■ Exercise
Give back only the lines in the records below from the one with "New 2025 Volkswagen Taos SEL image 2" to the one with "miley-cyrus-liam-hemswroth-kiss-06", both inclusive, word for word.
::: Data records
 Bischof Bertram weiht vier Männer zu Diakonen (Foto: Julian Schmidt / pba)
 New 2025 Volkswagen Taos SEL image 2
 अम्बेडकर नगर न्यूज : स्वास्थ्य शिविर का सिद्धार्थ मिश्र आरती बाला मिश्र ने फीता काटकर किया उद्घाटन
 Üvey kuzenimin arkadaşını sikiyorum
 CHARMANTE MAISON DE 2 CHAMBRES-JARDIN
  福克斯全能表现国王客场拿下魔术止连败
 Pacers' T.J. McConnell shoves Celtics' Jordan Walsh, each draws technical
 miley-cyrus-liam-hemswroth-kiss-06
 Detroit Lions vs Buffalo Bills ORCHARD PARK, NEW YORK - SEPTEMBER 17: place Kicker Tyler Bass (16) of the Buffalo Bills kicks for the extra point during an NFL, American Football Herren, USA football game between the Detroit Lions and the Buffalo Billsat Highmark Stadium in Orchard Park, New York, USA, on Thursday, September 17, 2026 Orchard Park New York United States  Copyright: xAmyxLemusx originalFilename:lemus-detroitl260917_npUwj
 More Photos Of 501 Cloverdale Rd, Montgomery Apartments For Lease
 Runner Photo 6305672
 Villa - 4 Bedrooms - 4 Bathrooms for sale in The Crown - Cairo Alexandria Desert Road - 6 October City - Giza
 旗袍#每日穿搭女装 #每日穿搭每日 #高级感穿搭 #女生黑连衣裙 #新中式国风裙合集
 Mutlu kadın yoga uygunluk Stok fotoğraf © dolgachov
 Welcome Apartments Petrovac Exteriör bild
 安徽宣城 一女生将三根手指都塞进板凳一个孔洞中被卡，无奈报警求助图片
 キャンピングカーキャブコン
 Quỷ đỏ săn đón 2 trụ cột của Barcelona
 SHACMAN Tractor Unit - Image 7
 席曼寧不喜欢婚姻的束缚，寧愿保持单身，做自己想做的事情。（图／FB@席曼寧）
::::::
■ Exercise answer
 New 2025 Volkswagen Taos SEL image 2
 अम्बेडकर नगर न्यूज : स्वास्थ्य शिविर का सिद्धार्थ मिश्र आरती बाला मिश्र ने फीता काटकर किया उद्घाटन
 Üvey kuzenimin arkadaşını sikiyorum
 CHARMANTE MAISON DE 2 CHAMBRES-JARDIN
  福克斯全能表现国王客场拿下魔术止连败
 Pacers' T.J. McConnell shoves Celtics' Jordan Walsh, each draws technical
 miley-cyrus-liam-hemswroth-kiss-06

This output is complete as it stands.